WORK ORDER:
Please return every line of the records below that contains the word "with".

(STORED DATA begins)

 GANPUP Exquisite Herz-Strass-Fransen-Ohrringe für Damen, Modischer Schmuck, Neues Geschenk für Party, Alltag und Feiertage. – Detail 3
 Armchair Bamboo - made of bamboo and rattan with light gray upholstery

(STORED DATA ends)
(STORED DATA begins)

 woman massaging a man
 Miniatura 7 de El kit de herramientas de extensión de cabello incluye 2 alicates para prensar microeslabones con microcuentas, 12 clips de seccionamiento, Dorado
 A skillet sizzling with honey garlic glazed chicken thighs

(STORED DATA ends)

REPLY TO THE TASK:
 Armchair Bamboo - made of bamboo and rattan with light gray upholstery
 A skillet sizzling with honey garlic glazed chicken thighs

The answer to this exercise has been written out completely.